The reason value averaging may be more or less attractive to an investor than using a set contribution schedule is that you are somewhat protected from overpaying for stock when the market is hot. If you avoid overpaying, your long-term returns will be stronger compared to people who invested set amounts no matter the market condition.
Example of Value Averaging
For example, suppose an account has a value of $2,000 and the goal is for the portfolio to increase by $200 every month. If in a month's time, the assets have grown to $2,024, the investor will fund the account with $176 ($200 - $24) worth of assets.
In the following month, the goal would be to have account holdings of $2,400. This pattern continues to be repeated in the following month, and so on.

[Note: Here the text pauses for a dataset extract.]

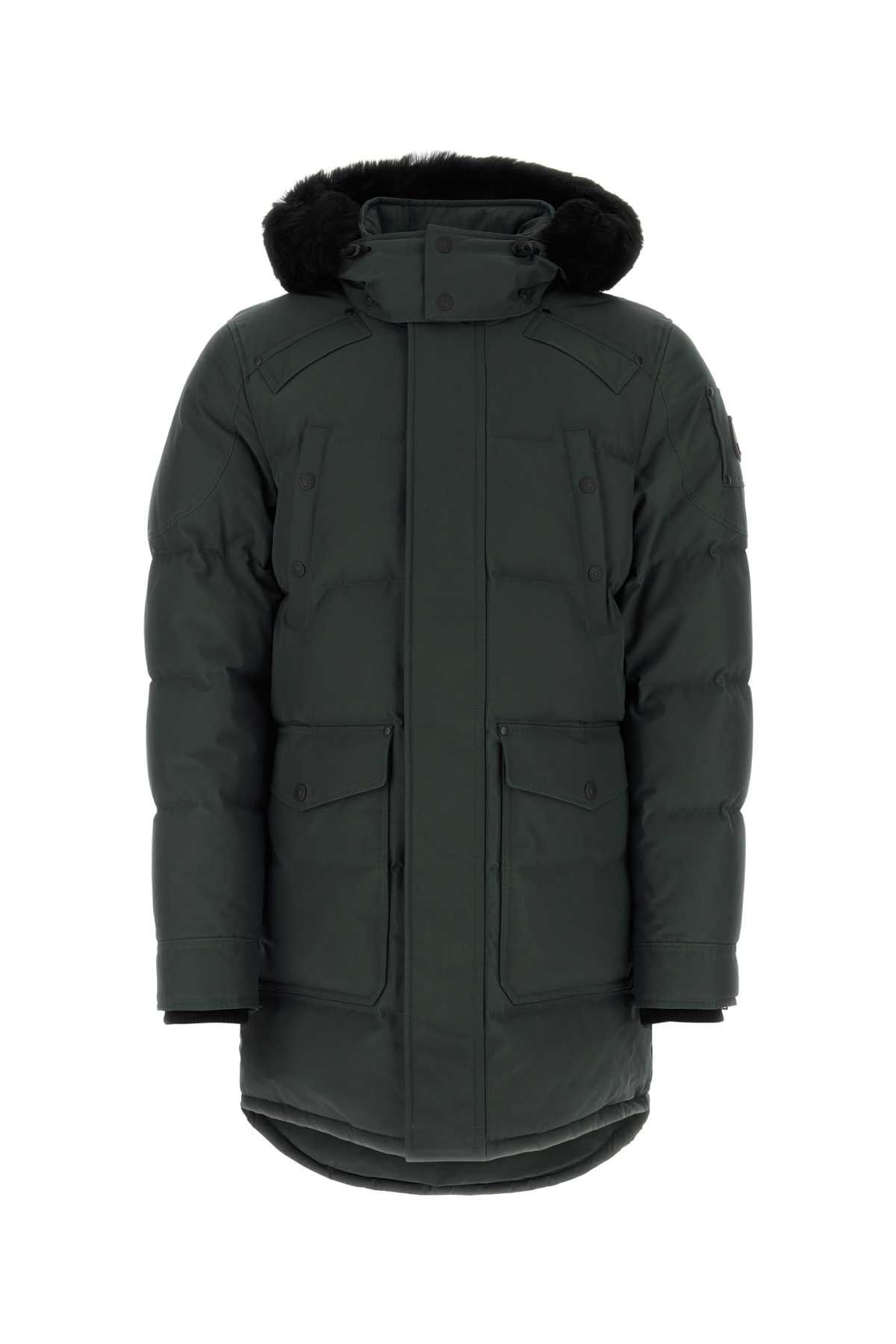 Moose Knuckles Dark Green Polyester Down Jacket | Grailed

While there are performance differences between value averaging, dollar-cost averaging, and set investment contributions, each is a good strategy for disciplined long-term investment—particularly for retirement.
Challenges to Value Averaging
The biggest potential challenge with value averaging is that as an investor's asset base grows, the ability to fund shortfalls can become too large to keep up with. This is especially noteworthy in retirement plans, where an investor might not even have the potential to fund a shortfall given limits on annual contributions. One way around this problem is to allocate a portion of assets to a fixed-income fund or funds, then rotate money in and out of equity holdings as dictated by the monthly targeted return. This way, instead of allocating cash in the form of new funding, cash can be raised in the fixed income portion and allocated in higher amounts to equity holdings as needed.
Another potential problem with the VA strategy is that in a down market an investor might actually run out of money, making the larger required investments impossible before things turn around. This problem can be amplified after the portfolio has grown larger when drawdown in the account could require substantially larger amounts of capital to stick with the VA strategy.